___ INFORMATION ___

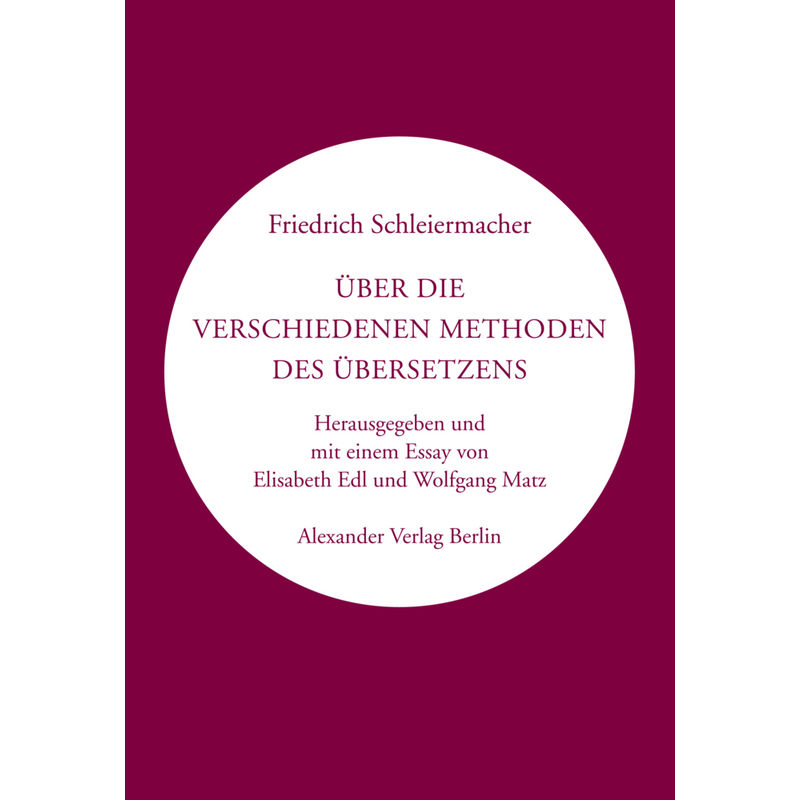 Über Die Verschiedenen Methoden Des Übersetzens - Friedrich Schleiermacher, Kartoniert (TB) von Alexander Verlag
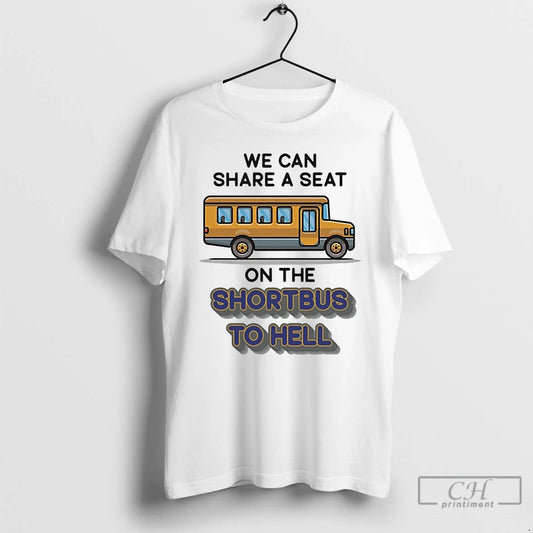 Classic We Can Share A Seat On The Short Bus To Hell T Shirts
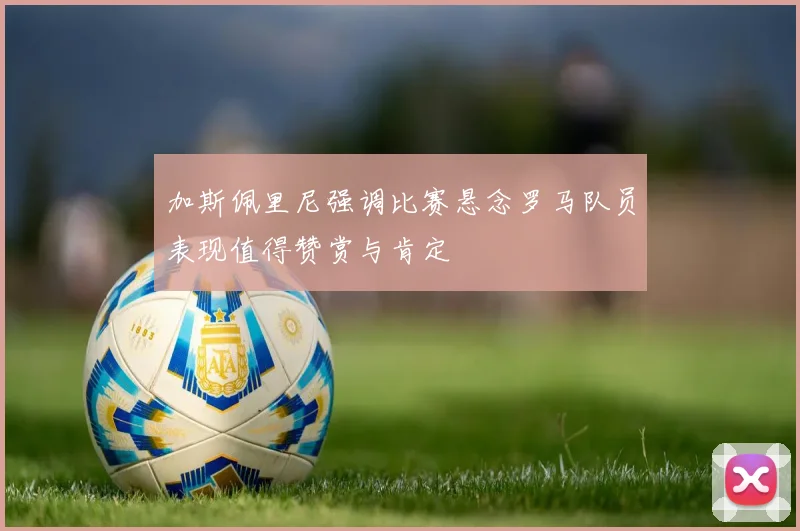加斯佩里尼强调比赛悬念罗马队员表现值得赞赏与肯定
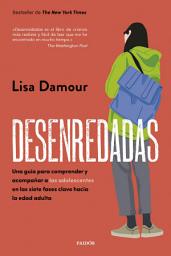 Icon image Desenredadas: Una guía para comprender y acompañar a las adolescentes en las siete fases clave hacia la edad adulta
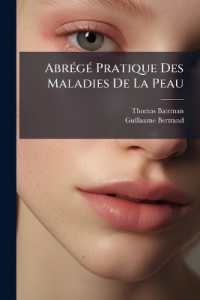 Abrégé Pratique Des Maladies De La Peau : Classées D'après Les Système Nosologique Du D. Willan...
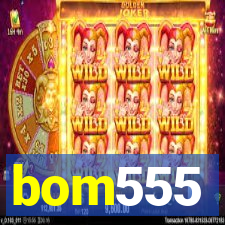 bom555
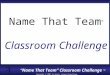 “Name That Team” Classroom Challenge ™ Copyright © 2007 by Sports Career Consulting, LLC Name That Team ™ Classroom Challenge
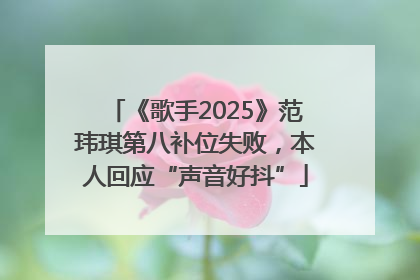 《歌手2025》范玮琪第八补位失败，本人回应“声音好抖”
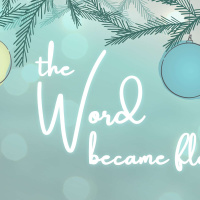 The Word became flesh part 1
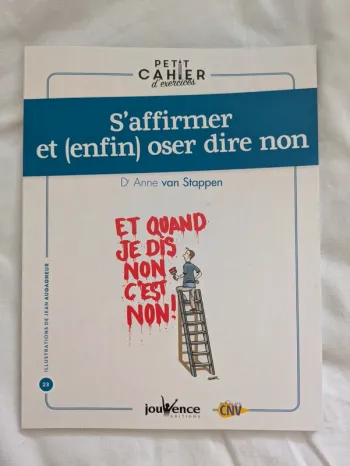 Petit cahier d'exercices S'affirmer et (enfin) oser dire non NEUF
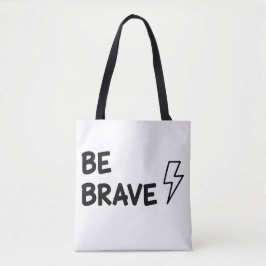 Be Brave Motivational Quote with Lightning Bolt De Tasche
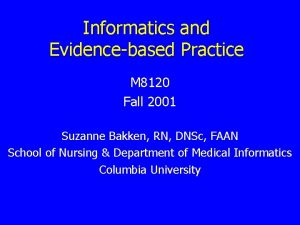 Informatics and Evidencebased Practice M 8120 Fall 2001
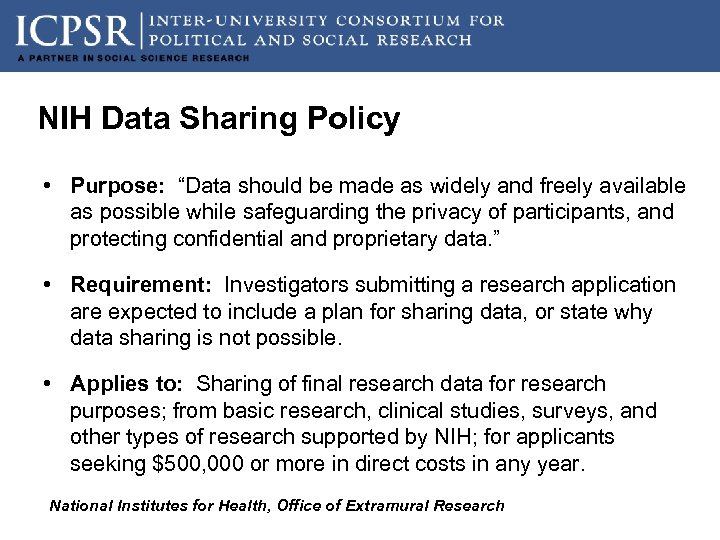 NIH Data Sharing Policy • Purpose: “Data should be made as widely and freely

___

▸ **EXERCISE AIM**
Omit every picture while printing the data word for word.

▸ **ANSWER BOX**
 Über Die Verschiedenen Methoden Des Übersetzens - Friedrich Schleiermacher, Kartoniert (TB) von Alexander Verlag
 Classic We Can Share A Seat On The Short Bus To Hell T Shirts
加斯佩里尼强调比赛悬念罗马队员表现值得赞赏与肯定
 Icon image Desenredadas: Una guía para comprender y acompañar a las adolescentes en las siete fases clave hacia la edad adulta
 Abrégé Pratique Des Maladies De La Peau : Classées D'après Les Système Nosologique Du D. Willan...
 bom555
 “Name That Team” Classroom Challenge ™ Copyright © 2007 by Sports Career Consulting, LLC Name That Team ™ Classroom Challenge
 《歌手2025》范玮琪第八补位失败，本人回应“声音好抖”
 The Word became flesh part 1
 Petit cahier d'exercices S'affirmer et (enfin) oser dire non NEUF
 Be Brave Motivational Quote with Lightning Bolt De Tasche
 Informatics and Evidencebased Practice M 8120 Fall 2001
 NIH Data Sharing Policy • Purpose: “Data should be made as widely and freely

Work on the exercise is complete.